How can I control my cholesterol level?
Cholesterol levels can usually be controlled by eating right, exercising, and not smoking.
Follow these diet guidelines to help control your cholesterol:
• Reduce the amount of cholesterol in your diet. The American Heart Association recommends eating no more than 250 to 300 milligrams (mg) of cholesterol a day.
• Eat less fat. Fats should contribute no more than 30% of your daily calories. Only 10% of the fat you eat should be saturated fat.
Some kinds of fats are better than others. Polyunsaturated and monounsaturated fats are better than saturated fats. Monounsaturated fats are found in olive oil, canola oil, and avocados. Polyunsaturated fats are found in fish and some vegetable oils.
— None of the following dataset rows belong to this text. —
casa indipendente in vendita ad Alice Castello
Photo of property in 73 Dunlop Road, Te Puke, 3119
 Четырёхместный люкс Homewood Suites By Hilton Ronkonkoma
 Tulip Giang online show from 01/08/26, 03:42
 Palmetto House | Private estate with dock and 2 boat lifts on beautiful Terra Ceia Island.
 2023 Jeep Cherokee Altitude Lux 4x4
Saturated fat raises your blood cholesterol because it makes it hard for the body to clear the cholesterol away. Saturated fat is found in different amounts in almost all foods. Butter, some oils, meat, and poultry fat contain a lot of saturated fat.
• Adjust the amount of calories you eat and exercise regularly to maintain a lean body weight.
To control the amount of fat and cholesterol you eat:
• Check food labels for fat and cholesterol content.
• Limit the amount of butter and margarine you eat.
• Use sunflower, safflower, soybean, canola, corn, or olive oil rather than tropical oils such as palm or coconut.
• Use salad dressings and margarine made with polyunsaturated and monounsaturated fats.
• Use egg whites or egg substitutes rather than whole eggs.
• Replace whole-milk dairy products with nonfat or low-fat milk, cheese, spreads, and yogurt.
• Eat skinless chicken, turkey, fish, and meatless entrees more often than red meat.
• Choose lean cuts of meat and trim off all visible fat. Keep portion sizes moderate.
• Avoid fatty desserts such as ice cream, cream-filled cakes, and cheesecakes. Choose fresh fruits, nonfat frozen yogurt, Popsicles, etc.
• Reduce the amount of fried foods, vending machine food, and fast food you eat.
• Limit the amount of nuts you eat, especially nuts high in saturated fat. Examples of nuts that are especially high in saturated fat are cashews, pistachios, and Brazil and macadamia nuts.
• Eat fruits and vegetables (especially fresh fruits and leafy vegetables), beans, and whole grains daily. The fiber in these foods helps lower cholesterol.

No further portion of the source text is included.